Nove sono gli indagati per il depuratore molfettese. L’ingegnere Fulvio Attanasio, legale rappresentante dal 26 luglio 2010 dell’Eurodepuratori spa in liquidazione; l’ingegner Gennaro Pisano, presidente del cda della stessa società fino al 26 luglio 2010; Il professor Giuseppe Gioia, presidente della commissione collaudo; i professori Giovanni Silvestri e Vitantonio Amoruso, componenti della commissione collaudo; la dottoressa Maria Antonia Iannarelli, dirigente del Servizio Tutela acque della Regione Puglia. Da identificare il legale rappresentante dell’Ato Puglia (l’autorità idrica pugliese).
Ma i nomi più noti ai molfettesi sono quelli di Rocco Altomare, ex dirigente comunale arrestato lo scorso anno nell’operazione “Mani sulla città” e Vincenzo Balducci, dirigente del settore Lavori Pubblici del Comune.
La storia dell’emergenza in contrada Lago Tammone comincia nel 2005. Siamo in piena crisi rifiuti. Per conto del commissario per l’emergenza ambientale in Puglia, viene erogato dal Comune di Molfetta un finanziamento di circa 3,4 milioni di euro per opere di adeguamento dell’impianto. Destinataria un’associazione temporanea di imprese (Ati) composta anche dall’Eurodepuratori spa.
Dopo due anni, nonostante il pagamento bimestrale del canone di 84mila euro, i lavori non sono ancora completati: lo accertano gli ispettori dell’Aquedotto pugliese inviati dalla Regione. Ci si aspetterebbe la risoluzione del contratto, e in effetti è quanto chiede la Regione. Ma è l’Ati invece a fare causa al Comune e quest’ultimo firma con il sindaco Antonio Azzollini una transazione da 750mila euro, che sposta il termine ultimo dei lavori al settembre del 2009.
Intanto, in corso d’opera il contratto inizialmente stipulato “a corpo” passa “a misura”. La differenza non è da poco. Nel primo caso l’importo non può subire variazioni per l’intera durata dei lavori, nel secondo la somma si determina a opera finita.
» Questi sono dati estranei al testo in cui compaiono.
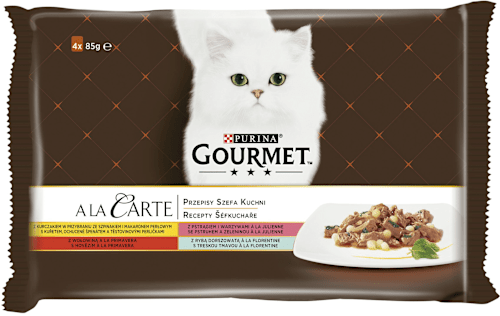 kapsičky pro kočky A´la Carte mix, 4x85g PURINA GOURMET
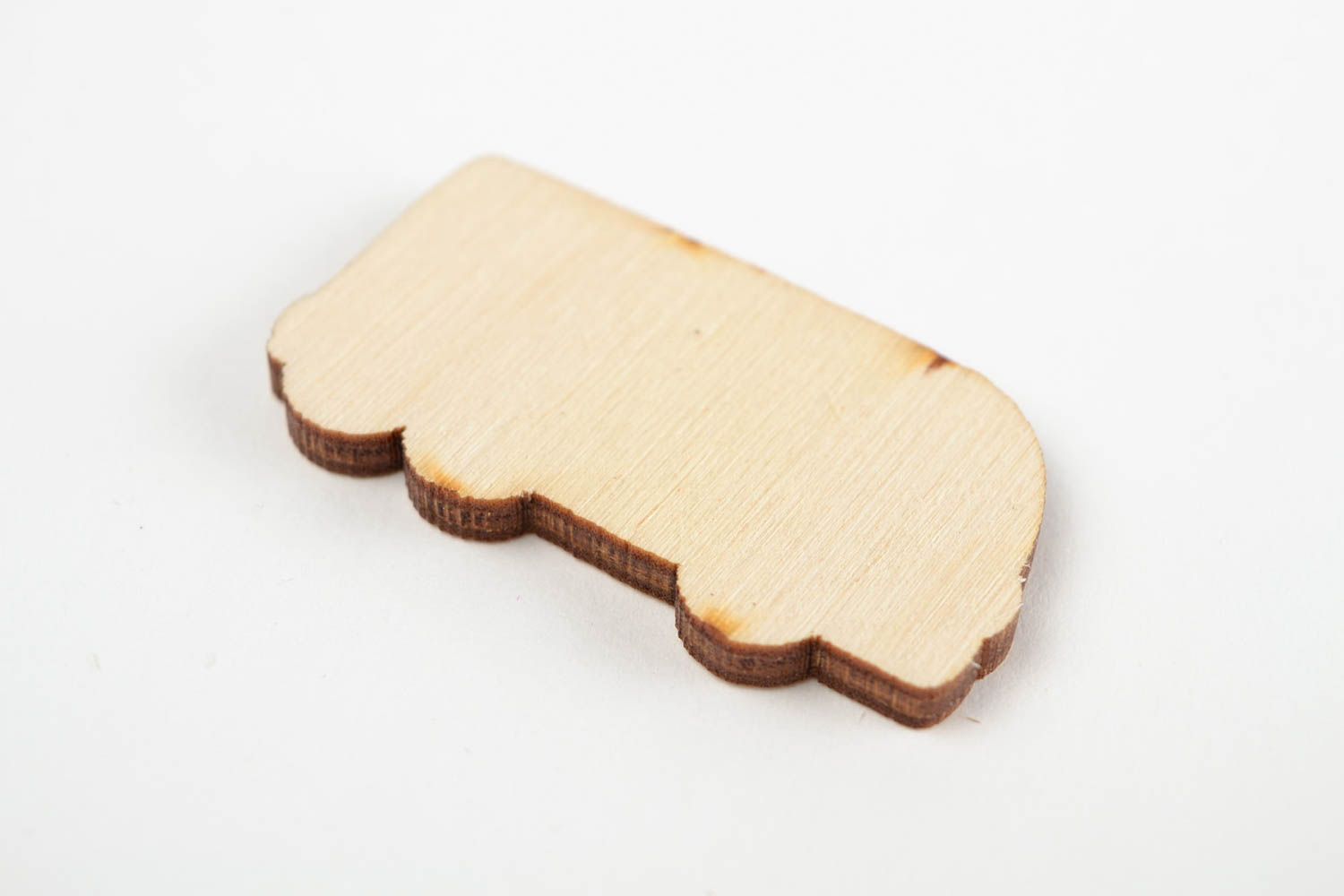 Figur zum Bemalen handmade Holz zum Basteln Holz Rohling Miniatur Figur  foto 5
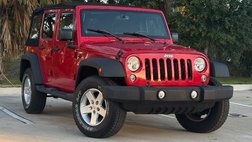 2014 Jeep Wrangler Unlimited Sport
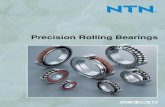 Precision Rolling Bearings - NTN Bearing India Pvt. Ltd · Table .1 Types of precision rolling bearings for machine tools ① Main spindle bearings Bearing type Angular contact ball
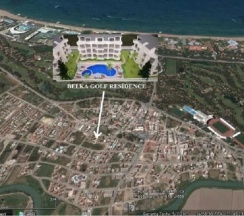 Апартаменты с 2 комнатами в BELKA GOLF RESİDENCE apt1 / BELEK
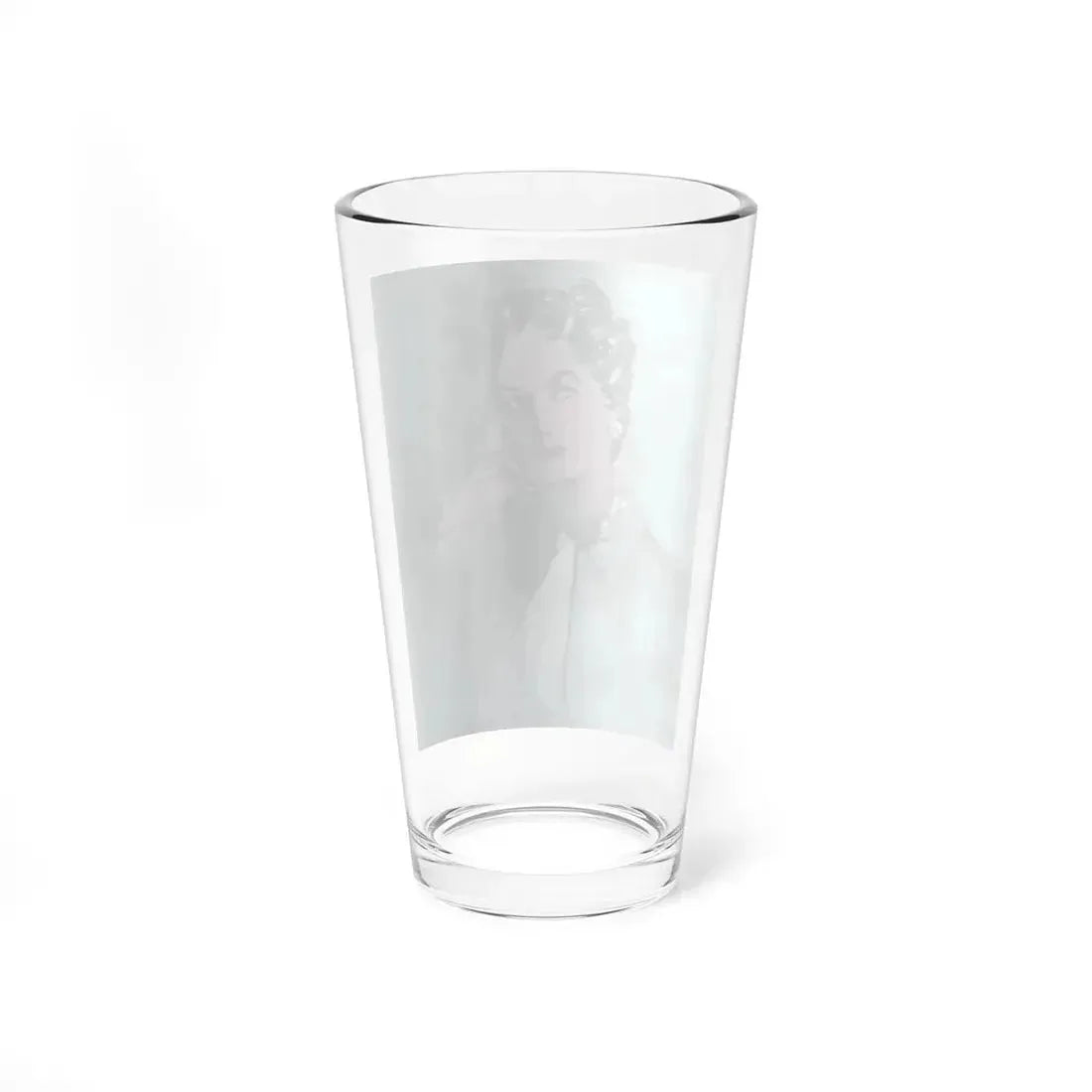 Portrait of Countess Carl Adam Moltke aka Mab Wilson, 1954 (Magazine Illustration) Pint Glass 16oz - Go Mug Yourself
Gli anni passano, si va di proroga in proroga e aumentano le spese. Dal Comune vengono stanziati altri 336mila euro per lavori “extra”.
Le indagini avrebbero accertato ancora altro. La ditta Eurodepuratori spa va in liquidazione, ma avrebbe continuato a percepire ogni due mesi gli 84mila euro del canone. Fino al penultimo bimestre del 2012. E a maggio di quest’anno il Comune ci avrebbe ripensato ancora, modificando nuovamente il contratto e tornando alla modalità “a corpo”. Ma è troppo tardi, le indagini sono state già avviate.
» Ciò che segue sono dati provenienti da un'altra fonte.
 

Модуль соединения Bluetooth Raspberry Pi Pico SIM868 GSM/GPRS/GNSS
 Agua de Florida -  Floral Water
Oggi il depuratore lavora a scartamento ridotto. Le opere finanziate nel lontano 2005 non sono state completate, né collaudate. Questo, secondo la procura di Trani, avrebbe impedito al commissario regionale per i rifiuti di revocare il finanziamento e indotto la Presidenza del Consiglio dei Ministri a emettere atti di proroga fino al 31 dicembre 2012 per evitare che gli impianti fossero dichiarati fuori norma.
A mare continuano a essere scaricati reflui scarsamente depurati. I fanghi, se non finiscono sulla costa, sono inviati negli impianti di compostaggio perché non sono a norma per l’uso agricolo e richiedono un nuovo stoccaggio. E nuove spese.
Soldi chiamano soldi. Finora il lago Tammone ha inghiottito oltre 7,7 milioni di euro.